[Source records]
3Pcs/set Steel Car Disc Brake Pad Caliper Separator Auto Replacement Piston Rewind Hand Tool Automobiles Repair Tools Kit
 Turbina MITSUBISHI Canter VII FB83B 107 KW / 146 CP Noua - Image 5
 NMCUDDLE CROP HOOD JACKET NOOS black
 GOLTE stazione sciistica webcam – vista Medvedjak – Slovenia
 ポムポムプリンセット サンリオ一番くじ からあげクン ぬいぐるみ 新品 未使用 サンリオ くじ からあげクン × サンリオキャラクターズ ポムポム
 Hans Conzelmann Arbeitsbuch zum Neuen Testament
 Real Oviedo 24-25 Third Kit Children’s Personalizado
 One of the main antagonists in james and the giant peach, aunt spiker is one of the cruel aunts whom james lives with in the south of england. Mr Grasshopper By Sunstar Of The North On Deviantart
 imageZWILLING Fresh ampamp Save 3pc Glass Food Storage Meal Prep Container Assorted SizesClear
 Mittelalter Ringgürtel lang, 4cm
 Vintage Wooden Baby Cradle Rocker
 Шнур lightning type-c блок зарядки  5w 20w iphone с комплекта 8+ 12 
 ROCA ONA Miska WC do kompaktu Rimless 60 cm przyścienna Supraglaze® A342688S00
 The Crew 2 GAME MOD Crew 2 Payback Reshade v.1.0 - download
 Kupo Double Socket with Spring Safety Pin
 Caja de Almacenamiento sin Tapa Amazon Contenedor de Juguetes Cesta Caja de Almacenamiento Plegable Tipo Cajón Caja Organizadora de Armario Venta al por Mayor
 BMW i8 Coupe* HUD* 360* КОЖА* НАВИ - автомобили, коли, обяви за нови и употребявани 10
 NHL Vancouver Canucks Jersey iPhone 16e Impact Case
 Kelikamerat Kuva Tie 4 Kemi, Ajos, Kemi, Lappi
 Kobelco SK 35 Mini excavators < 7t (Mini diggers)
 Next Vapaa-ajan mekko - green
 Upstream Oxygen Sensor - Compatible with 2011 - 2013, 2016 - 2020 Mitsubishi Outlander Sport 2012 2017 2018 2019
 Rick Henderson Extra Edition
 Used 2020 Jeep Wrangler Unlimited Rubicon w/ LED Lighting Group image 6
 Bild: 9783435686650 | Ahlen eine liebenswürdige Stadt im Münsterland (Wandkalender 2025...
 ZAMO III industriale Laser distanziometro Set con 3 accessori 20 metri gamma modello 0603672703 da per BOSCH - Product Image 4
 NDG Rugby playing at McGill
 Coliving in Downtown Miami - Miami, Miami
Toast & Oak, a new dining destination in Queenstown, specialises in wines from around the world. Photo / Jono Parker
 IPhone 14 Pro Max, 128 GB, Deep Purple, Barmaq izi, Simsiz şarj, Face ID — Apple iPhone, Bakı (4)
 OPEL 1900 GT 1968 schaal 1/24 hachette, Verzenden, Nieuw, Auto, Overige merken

WHAT YOU ARE ASKED TO DO>
Print only the lines from the top of the data above down to the line holding "ROCA ONA Miska", inclusive.

ANSWER SECTION>
3Pcs/set Steel Car Disc Brake Pad Caliper Separator Auto Replacement Piston Rewind Hand Tool Automobiles Repair Tools Kit
 Turbina MITSUBISHI Canter VII FB83B 107 KW / 146 CP Noua - Image 5
 NMCUDDLE CROP HOOD JACKET NOOS black
 GOLTE stazione sciistica webcam – vista Medvedjak – Slovenia
 ポムポムプリンセット サンリオ一番くじ からあげクン ぬいぐるみ 新品 未使用 サンリオ くじ からあげクン × サンリオキャラクターズ ポムポム
 Hans Conzelmann Arbeitsbuch zum Neuen Testament
 Real Oviedo 24-25 Third Kit Children’s Personalizado
 One of the main antagonists in james and the giant peach, aunt spiker is one of the cruel aunts whom james lives with in the south of england. Mr Grasshopper By Sunstar Of The North On Deviantart
 imageZWILLING Fresh ampamp Save 3pc Glass Food Storage Meal Prep Container Assorted SizesClear
 Mittelalter Ringgürtel lang, 4cm
 Vintage Wooden Baby Cradle Rocker
 Шнур lightning type-c блок зарядки  5w 20w iphone с комплекта 8+ 12 
 ROCA ONA Miska WC do kompaktu Rimless 60 cm przyścienna Supraglaze® A342688S00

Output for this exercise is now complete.